Donald Francis Schnably
Donald Francis Schnably was born June 24, 1948, in Elkins, West Virginia, the son of Lester and Caroline Wolf Schnably. Donald had a brother and a sister.
|Donald attended Philip Barbour High School where he was a member of the Latin Club, serving as president. He graduated with the class of 1966. He attended Greenbrier Military Academy and was a member of the Baptist Church at Weston and the Barbour County 4-H Club.|
Entering the Army on January 15, 1967, he received basic training at Fort Knox, Kentucky, where he was commissioned as a second lieutenant. Donald graduated from the Green Beret Special Forces School at Fort Bragg, North Carolina, after which he completed airborne training at Fort Benning, Georgia. Prior to leaving for Vietnam he was sent to Panama where he received training at an extended Jungle Warfare School, graduating with honors.

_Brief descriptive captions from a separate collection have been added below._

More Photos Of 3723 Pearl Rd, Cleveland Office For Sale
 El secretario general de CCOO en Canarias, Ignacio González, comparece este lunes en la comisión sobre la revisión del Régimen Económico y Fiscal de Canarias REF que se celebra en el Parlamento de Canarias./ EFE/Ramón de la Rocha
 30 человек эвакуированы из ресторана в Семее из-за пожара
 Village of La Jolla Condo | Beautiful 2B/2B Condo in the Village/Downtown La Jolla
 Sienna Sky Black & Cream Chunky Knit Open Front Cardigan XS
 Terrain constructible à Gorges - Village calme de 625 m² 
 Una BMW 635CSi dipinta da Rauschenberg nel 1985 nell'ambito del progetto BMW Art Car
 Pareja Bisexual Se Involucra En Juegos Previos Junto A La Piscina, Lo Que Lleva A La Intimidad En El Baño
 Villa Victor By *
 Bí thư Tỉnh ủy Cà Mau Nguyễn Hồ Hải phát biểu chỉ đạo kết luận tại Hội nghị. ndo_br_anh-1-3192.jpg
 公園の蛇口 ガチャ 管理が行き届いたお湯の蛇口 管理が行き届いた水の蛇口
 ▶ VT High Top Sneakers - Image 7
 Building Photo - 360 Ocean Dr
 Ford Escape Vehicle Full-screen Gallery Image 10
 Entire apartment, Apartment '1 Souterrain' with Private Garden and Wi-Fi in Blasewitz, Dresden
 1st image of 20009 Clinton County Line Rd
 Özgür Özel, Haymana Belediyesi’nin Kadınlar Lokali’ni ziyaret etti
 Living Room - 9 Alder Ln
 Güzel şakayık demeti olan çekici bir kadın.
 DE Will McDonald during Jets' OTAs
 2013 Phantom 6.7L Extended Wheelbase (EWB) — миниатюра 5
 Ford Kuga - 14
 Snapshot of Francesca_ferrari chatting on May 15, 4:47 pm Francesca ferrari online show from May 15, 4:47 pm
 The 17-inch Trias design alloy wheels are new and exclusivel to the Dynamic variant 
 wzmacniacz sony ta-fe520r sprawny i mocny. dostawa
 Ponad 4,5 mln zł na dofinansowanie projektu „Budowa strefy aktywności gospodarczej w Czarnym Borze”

Lt. Donald Schnably left for Vietnam on December 6, 1968. He was a member of the 5th Special Forces Group located at the Green Beret Camp in Duc Lap, South Vietnam. He was awarded a Bronze Star for heroism displayed during ground operations against hostile Vietnamese forces on March 26, 1969. Lt. Schnably was serving as a senior advisor to a Camp Strike Force company on a search and clear mission deep in hostile territory when they initiated contact with two platoons of North Vietnamese soldiers. Taking command of the situation, Lt. Schnably led his company in a flanking action against the enemy force and rendered first aid to his wounded personnel, carrying one of the wounded to safety while under intense enemy fire. When helicopter gunships and tactical air support arrived, he directed fire upon enemy positions. After reinforcements arrived, Lt. Schnably led a counter attack which resulted in the withdrawal of North Vietnamese forces.
Less than six months later, on the evening of December 1, 1969, Lt. Donald F. Schnably was killed in action. That evening, North Vietnamese forces unleashed a mortar attack against the Duc Lap Special forces camp in which was located an 81-millimeter mortar pit that had been the target of previous enemy attacks. Assuming the enemy had zeroed in on the pit, Lt. Schnably rushed to the area to direct return fire on suspected enemy positions. As the mortar tube was set and the first round was being readied for launching, two enemy rounds hit the area, mortally wounding Lt. Schnably. For his actions, Lt. Schnably was posthumously awarded the Silver Star, which was presented to his widow Karen Poe Schnably in June 1970 in the ROTC Office at West Virginia University.
The body of Lt. Donald F. Schnably was returned to the United States and was buried in Belington Fraternal Cemetery. His is memorialized on panel 15w line 14 of the Vietnam War Memorial in Washington D. C.